- **INPUT DATA**
________

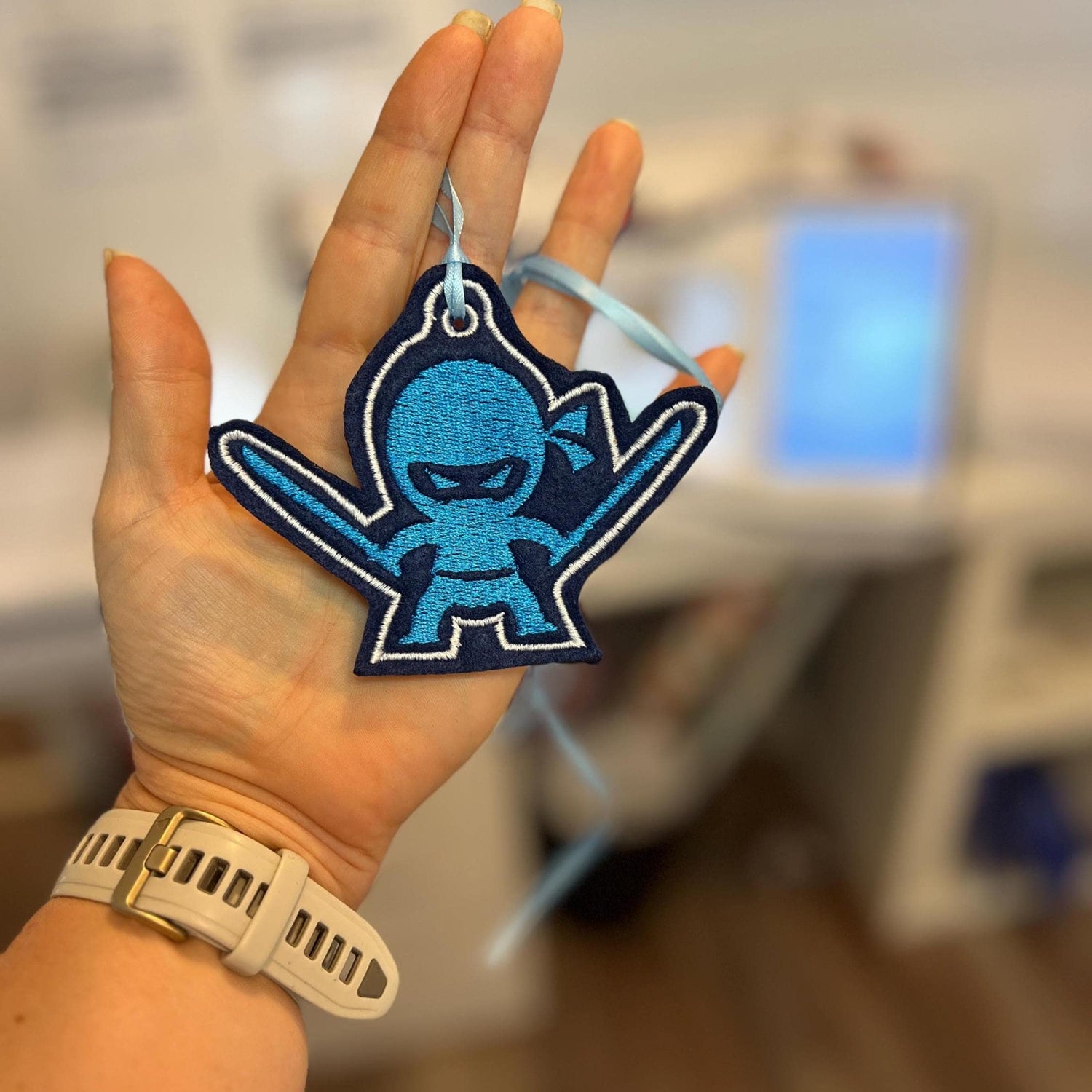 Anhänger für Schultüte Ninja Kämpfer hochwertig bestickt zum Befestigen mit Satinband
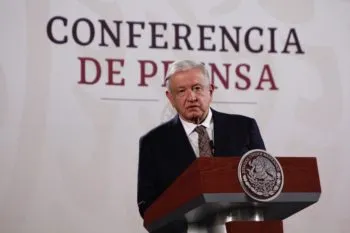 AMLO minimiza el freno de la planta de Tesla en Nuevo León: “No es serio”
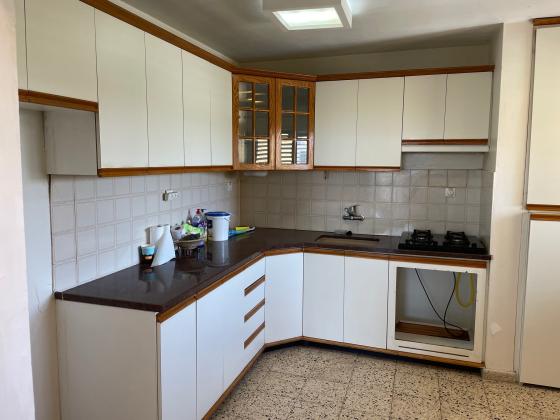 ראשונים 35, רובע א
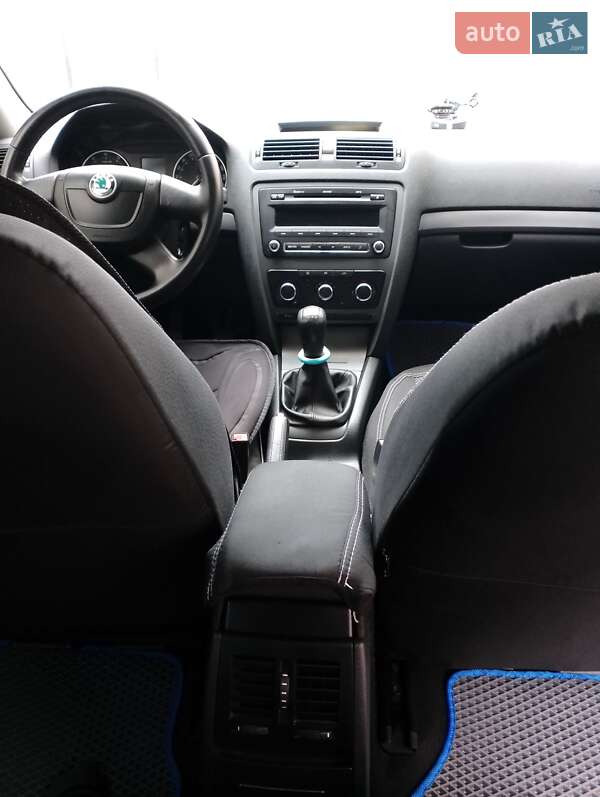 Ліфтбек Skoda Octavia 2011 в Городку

________

Every line of the listing above is to be retyped exactly, but the pictures are to be dropped.

 Anhänger für Schultüte Ninja Kämpfer hochwertig bestickt zum Befestigen mit Satinband
 AMLO minimiza el freno de la planta de Tesla en Nuevo León: “No es serio”
 ראשונים 35, רובע א
 Ліфтбек Skoda Octavia 2011 в Городку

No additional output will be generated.